Gasset Park is the largest green space in Ciudad Real. Visitors can follow three different itineraries based on the park’s features. The first is called “Singular Trees”, with a length of 740m, the second is called “Monuments and Sculptures” and stretches for 1000m, and the third one, “Ornamental Fountains, is also 1000m long. Pick one or take your time and follow all three of them.
The Museum Quixote pays tribute to the infamous character created by the Spanish writer Miguel de Cervantes. This museum uses art and multimedia to create an interactive experience of Don Quixote de la Mancha. You’ll see movies, exhibits and several paintings made by José Jiménez Miranda, one of the best 19th-century illustrators of Don Quixote. Look out for the recreated version of a 17th-century Madrid printing press. The museum also includes the Cervantes library, which features more than 3,000 volumes.
Return to the city centre and stop by Plaza Mayor, one of the liveliest squares in the city. It is a meeting point for locals and visitors and a great spot to grab a drink in the evening. Around here is the Casa del Arco, the first Consistorial House installed in the city in the 15th century.
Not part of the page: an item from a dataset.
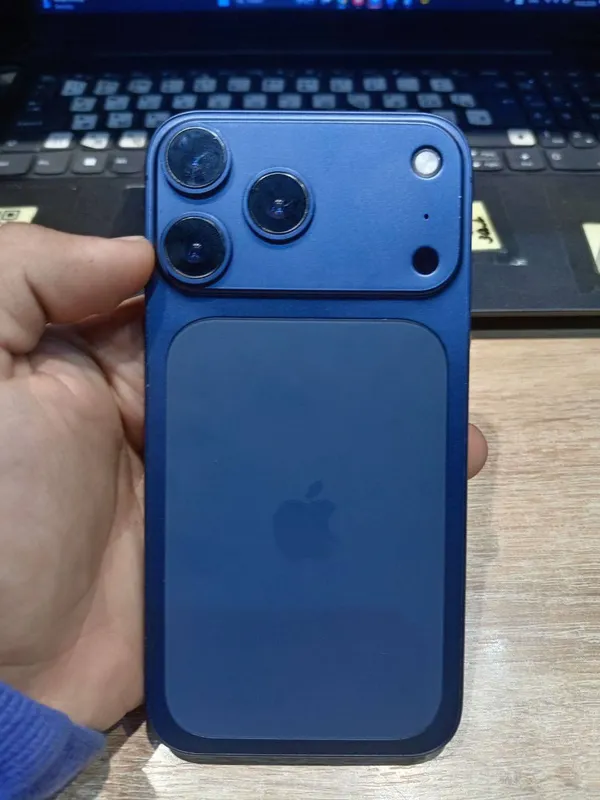 Продаётся срочно iPhone XR, сделан как 17 Pro 2 Продаётся срочно iPhone XR, сделан как 17 Pro 2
The building suffered major damages in 1755 following the tragic Lisbon Earthquake that reached Ciudad Real. Today most people head here to see the carillon watch, inaugurated in 2005 by the princes of Asturias. The three automaton figures: Don Quijote, his companion Sancho Panza and Miguel de Cervantes come out at specific times. On the opposite side of the square is the City Hall, a somewhat controversial building which combines Neo-gothic features with Nordic influences.
Ciudad Real only has a few attractions, all of which you can explore with kids. After taking in the monuments, you can wander through the city’s parks and squares. The Gasset Park is dotted with fun sculptures and fountains, while the Plaza Mayor offers plenty of cafés where you can stop for a snack. You can also spend an afternoon at the Mystery Time Escape Room. The games are ideal for children above eight years old. If you're visiting in the summer, you can head to Playa Park, a water park complete with slides and kid-friendly swimming pools.
The cuisine in Ciudad Real is centred around game dishes like rabbit, wild boar and venison. Popular recipes include rabbit stew and hartatunos (fried potatoes and peppers). Codfish is also a top ingredient featured in dishes like the atascaburras (mashed potatoes and cod). Below are some of the best restaurants in Ciudad Real:
The best time to visit Ciudad Real is between April and June or around September and October. During these months, the weather is warm enough, and there are fewer rainy days. The hottest month is usually July when temperatures can reach 34ºC. It’s also the busiest month to visit. January, on the other hand, is the coldest month, with an average temperature of 11ºC.